Da colcha de retalhos a 10 mil empresas de confecção, como a cidade costurou o próprio destino em cinco décadas
Santa Cruz do Capibaribe foi emancipada à condição de cidade apenas em 1953. Na época, vivia como tantos outros municípios do agreste pernambucano da agricultura de subsistência, com plantações de feijão e milho. Mas as mulheres mantinham a tradição de costurar colchas de retalhos, feitas de aparas de tecidos que, no final dos anos 1940, eram vendidas por comerciantes locais.
A rotina foi alterada quase 20 anos depois, quando os caminhões que levavam mercadorias do nordeste para o sul, retornavam cheios de retalhos. Ali começava o mito da Sulanca. Talvez não fosse apenas helanca que os caminhoneiros traziam. Mas, com certeza, o tecido constituía a maioria dos retalhos.
Não se sabe ao certo como nem quem ou por que, os retalhos maiores serviram para costurar shorts para crianças. Faltava dinheiro, porém, para comprar elástico para o cós. As costureiras de Santa Cruz do Capirabibe exerciam o ofício da reinvenção com criatividade. Usaram lâminas cortadas das câmaras de ar de pneus de Fusca que iam para o lixo, conta José Augusto Maia, presidente do Moda Center e atual secretário de Indústria, Comércio e Turismo da cidade.
Quando chegaram os retalhos maiores, suficientes para fazer shorts de adulto, as lâminas era tiradas das câmaras de ar velhas daqueles jipes usados para transporte de passageiros muito usados no nordeste. Antes de reciclagem ser moda, a população da cidade dava destinação eficiente às sobras. Os shorts eram vendidos bem baratos nas feiras.
A ideia espalhou-se pelas costureiras da região e enquanto as mulheres costuravam, os homens percorriam as feiras da região para vender o produto de preço sem concorrência. Dos shorts, passaram a fazer saias, blusas, camisas, conjuntos infantis e lingerie.
Produção diversificada
A produção de vestuário em Santa Cruz Capibaribe evoluiu muito desde então. Hoje, é diversificada, incluindo produção de roupa de malha, moda praia, lingerie, algum jeans, modinha e algumas lavanderias de jeans. De acordo com Maia, 65% do que o pólo do Agreste Pernambucano produz saem da cidade. O município também concentra grande força comercial, que por muito tempo foi sustentada pela feira semanal de rua repleta de barracas vendendo roupa, lingerie e acessórios.

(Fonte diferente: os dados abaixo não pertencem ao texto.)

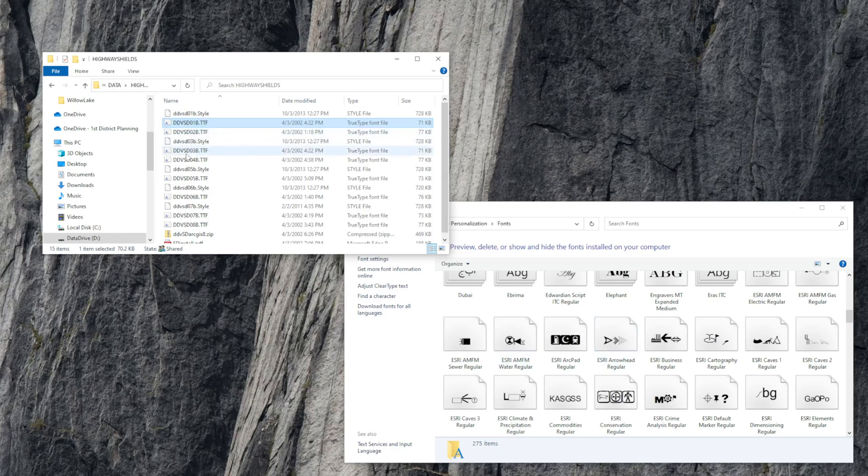So if you do that for each TTF, just drag them in here. I've already done it, I'm not going to do it again, but these installed successfully on my end.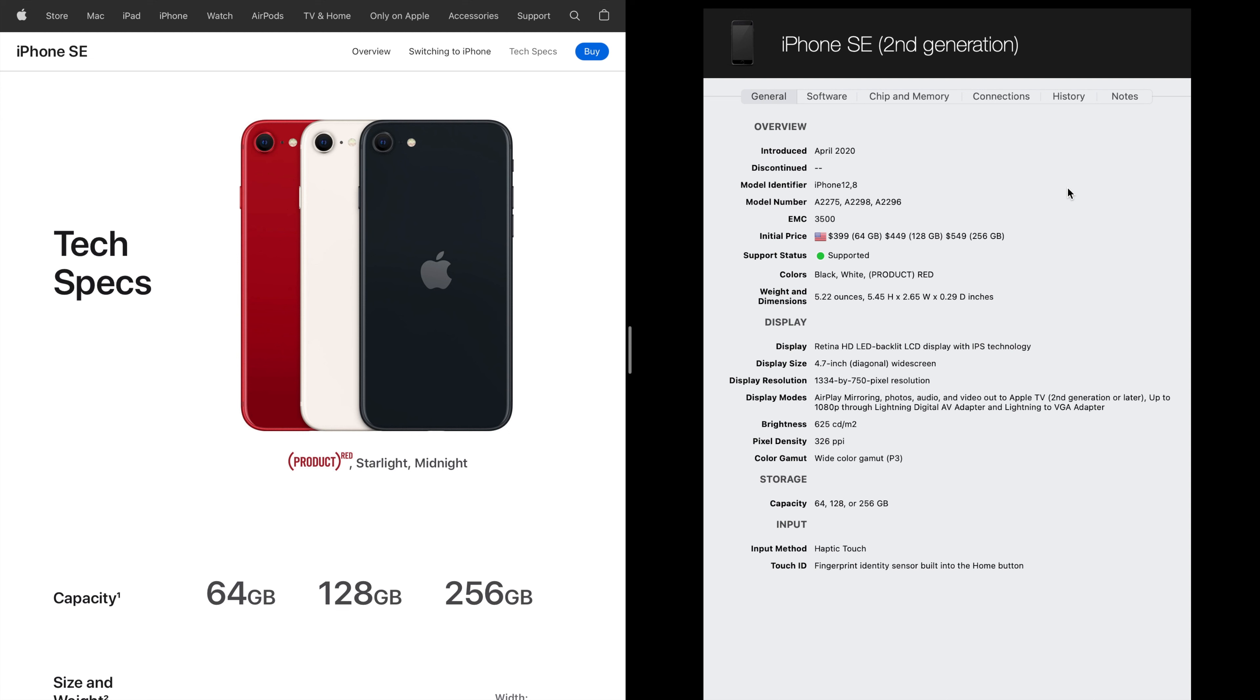Today I want to cover some of the differences between the iPhone SE third generation and the last generation, the second generation iPhone. This recently came out. The biggest thing is it now supports 5G signal.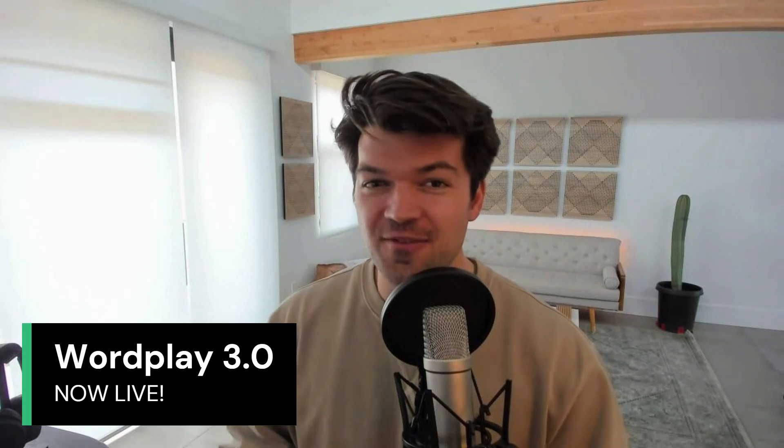Fellas, ladies, fellas, we got some good news coming your way today. Wordplay 3.0 is officially live, so go check it out.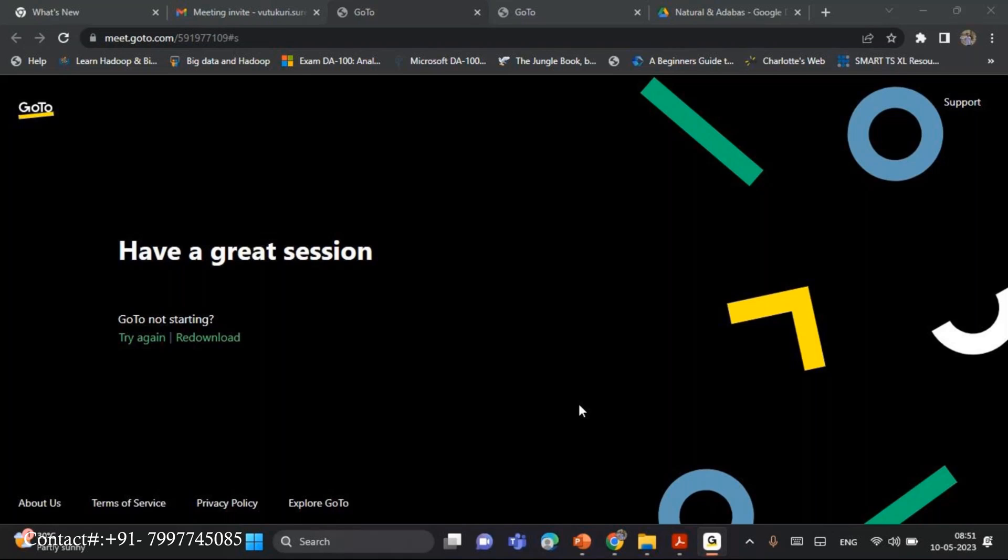See, Natural and Adabas is a Software AG product, which runs mainly on the mainframe environment, that was an IBM mainframe environment, z/OS.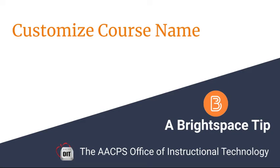Customizing your Brightspace course name. A Brightspace tip from the AACPS Office of Instructional Technology.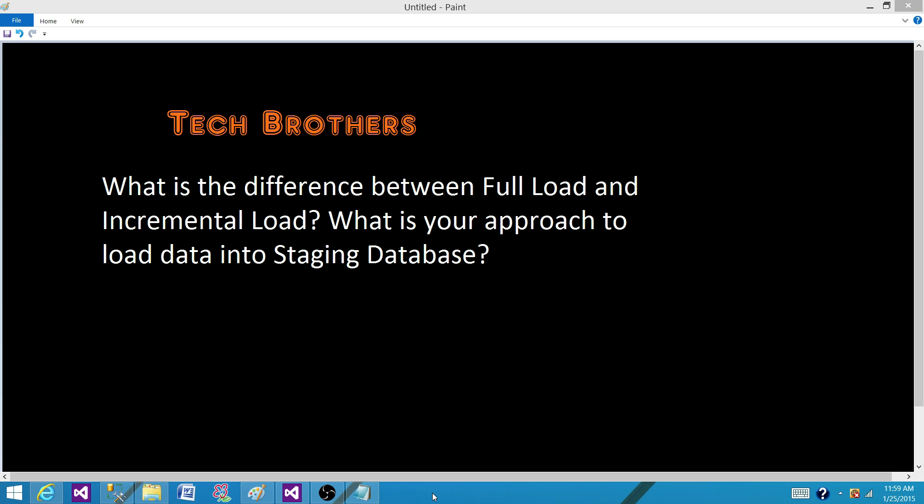Now, what is your approach to load data into a staging database? A staging database is a database where we load data from different sources, and then from staging we take that data, implement transformations, and load it to the final destinations. We use a staging database because data is coming in different formats — we first load it here so we can clean the data and then implement the incremental load approach.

A cidade construiu um centro comercial – o Moda Center – que tirou as empresas da feira de rua. Elas passaram a ocupar um espaço fechado com nada menos de 120 mil metros quadrados de área coberta, que abriga 10 mil pequenos e médios empreendimentos atendendo o varejo e o atacado, diz Maia.
O exemplo de Santa Cruz do Capibaribe foi uma das referências para que Toritama também se reinventasse, quando a produção artesanal de calçados foi a pique, não resistindo ao avanço tecnológico industrial.